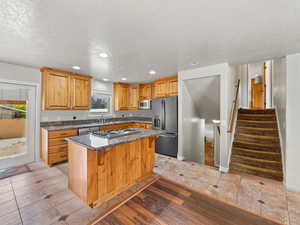 Kitchen with dark stone counters, appliances with stainless steel finishes, a center island, recessed lighting, and a textured ceiling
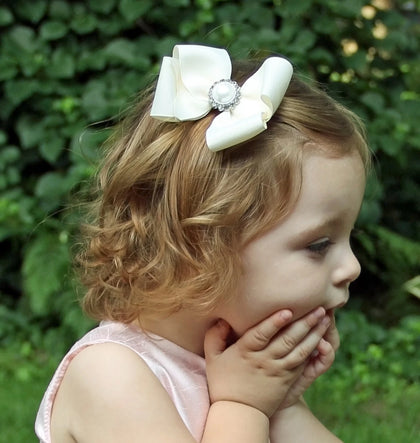 little girl wearing special occasion pink tulle dress and ivory hair bow with a pearl and rhinestone center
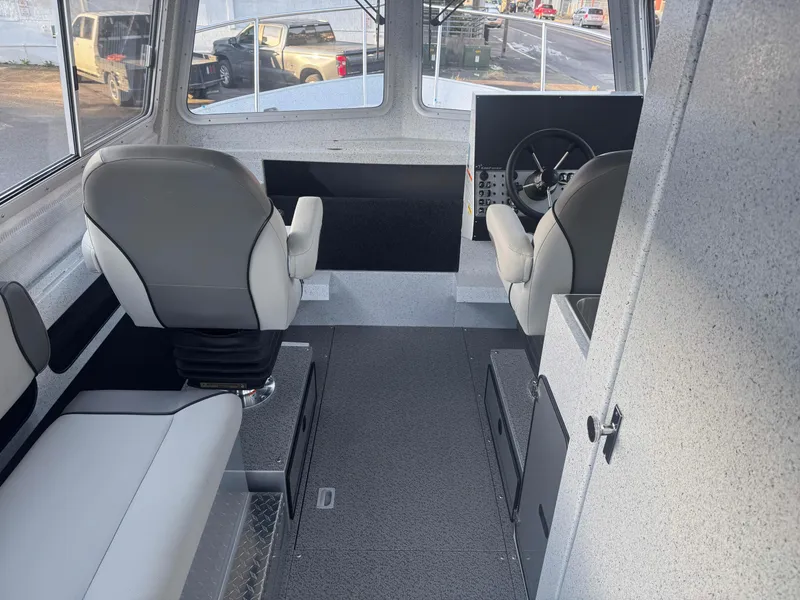 Slide: The Image of Interior of 2025 KingFisher 2825 Coastal Express boat, featuring modern seating and steering area. - 5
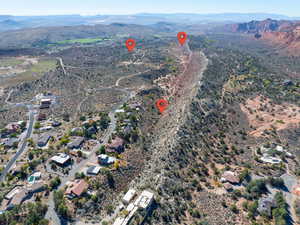 Aerial view of property's location with a mountainous background and a desert landscape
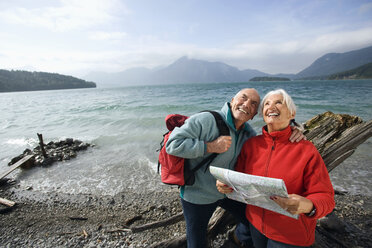 Germany, Bavaria, Walchensee, Senior couple looking up - WESTF10196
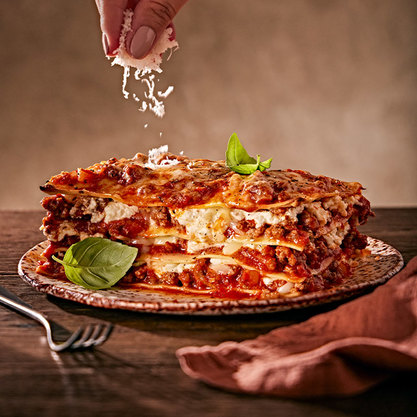 Close-up of a layered lasagna with meat, cheese, and tomato sauce on a plate, topped with fresh basil, while grated cheese is being sprinkled from above.
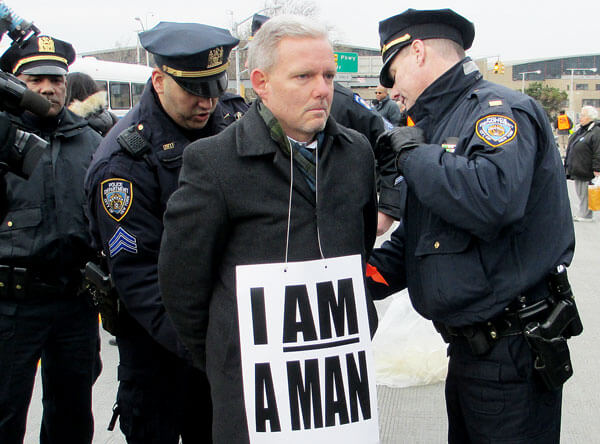 Elected officials and workers protest at LaGuardia Airport with civil disobedience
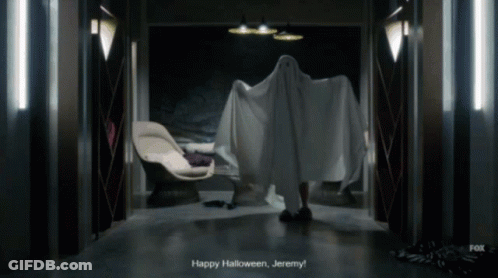 A Person In A Ghost Costume Says " Happy Halloween Jeremy " In A Dark Hallway GIF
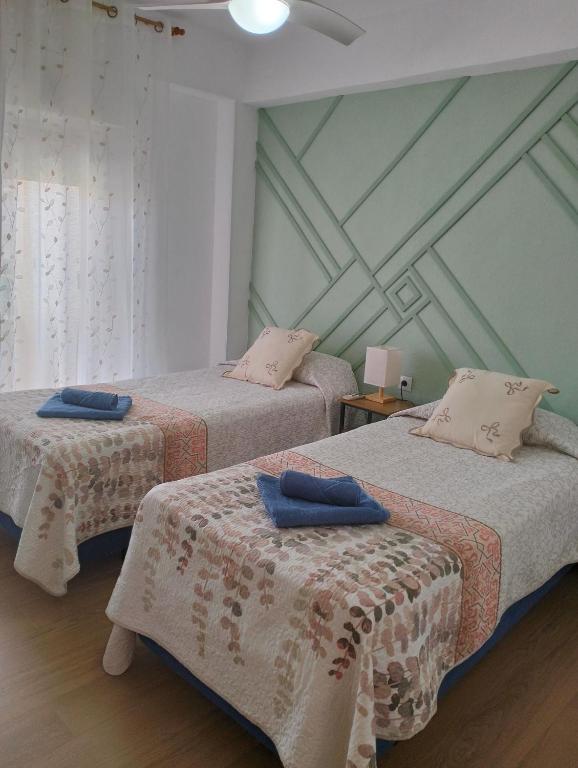 two beds in a room with a ceiling at Ricardo Hostal Apartamento in Alicante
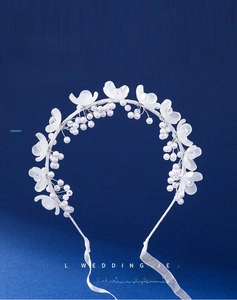 Detail of white matte floral headband with pearl beads and silk ribbons for flower girls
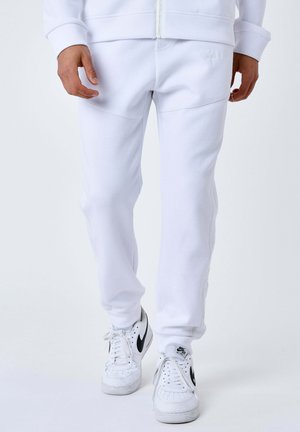Persona che indossa pantaloni jogger bianchi e sneaker Nike Air bianche con swoosh nero su uno sfondo bianco uniforme.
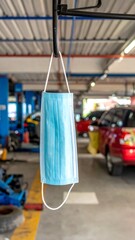 Hanging Face Mask in Auto Repair Shop - Safety and Protection.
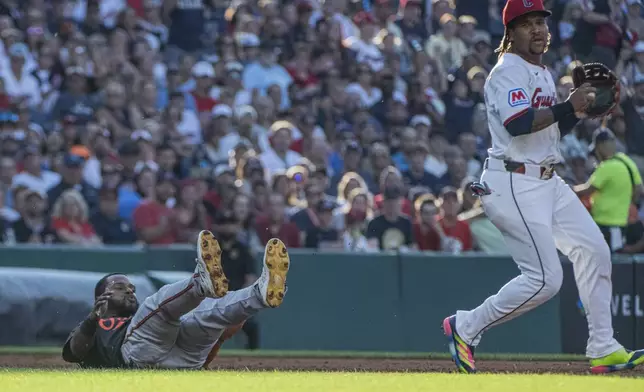 Baltimore Orioles' Cedric Mullins, left, falls down after being tagged out in a rundown by Cleveland Guardians' Jose Ramirez during the third inning of a baseball game, Wednesday, July 23, 2025, in Cleveland. (AP Photo/Phil Long)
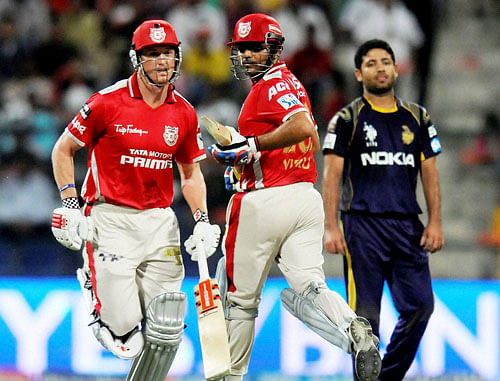 Virender Sehwag of the Kings X1 Punjab and George Bailey captain of the Kings X1 Punjab run between the wickets against Kolkata Knight Riders during the IPL7 match at the Sheikh Zayed Stadium, Abu Dhabi, United Arab Emirates on Saturday. Kings XI Punjab defeated Kolkata Knight Riders by 23 runs. PTI Photo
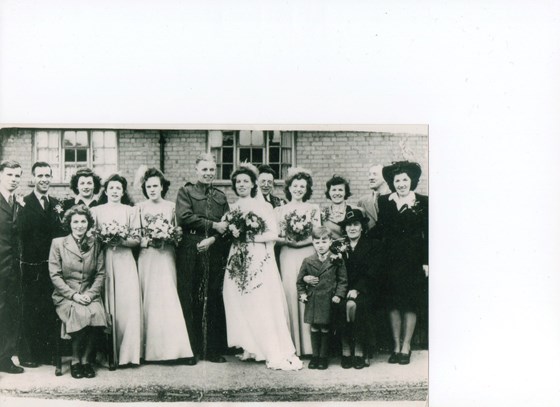 Mavis at Aunty Wynne and Uncle Johns wedding 1945. With her favourite cousin Teddy the other end. God Bless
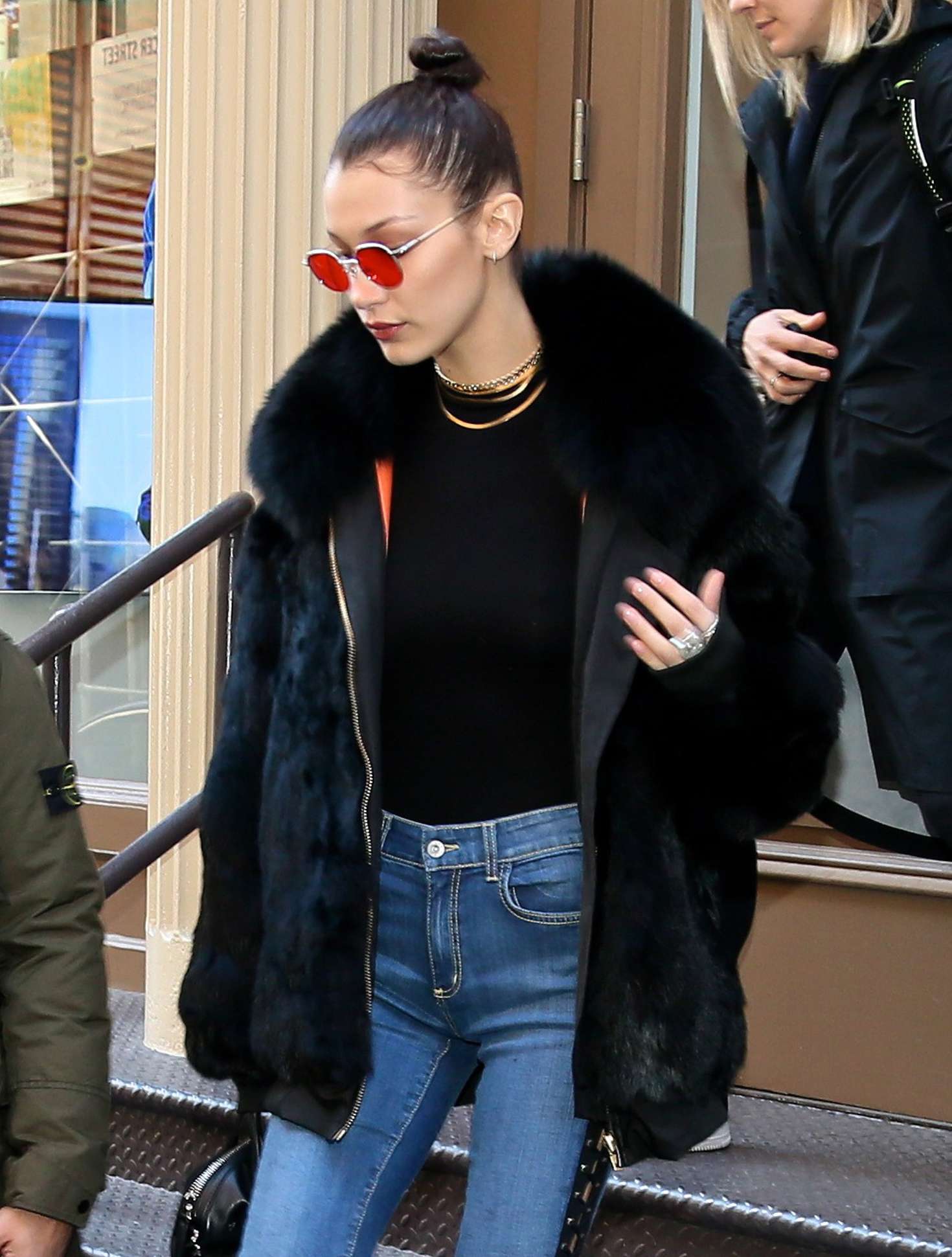 Bella Hadid in Fur Coat and Jeans out in New York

> _REQUIRED ACTION_
Once the line with "Hanging Face Mask" is found above, transcribe each line from it through the line with "Baltimore Orioles' Cedric", exactly, and omit the pictures.

> _SOLUTION FOR THIS TASK_
 Hanging Face Mask in Auto Repair Shop - Safety and Protection.
 Baltimore Orioles' Cedric Mullins, left, falls down after being tagged out in a rundown by Cleveland Guardians' Jose Ramirez during the third inning of a baseball game, Wednesday, July 23, 2025, in Cleveland. (AP Photo/Phil Long)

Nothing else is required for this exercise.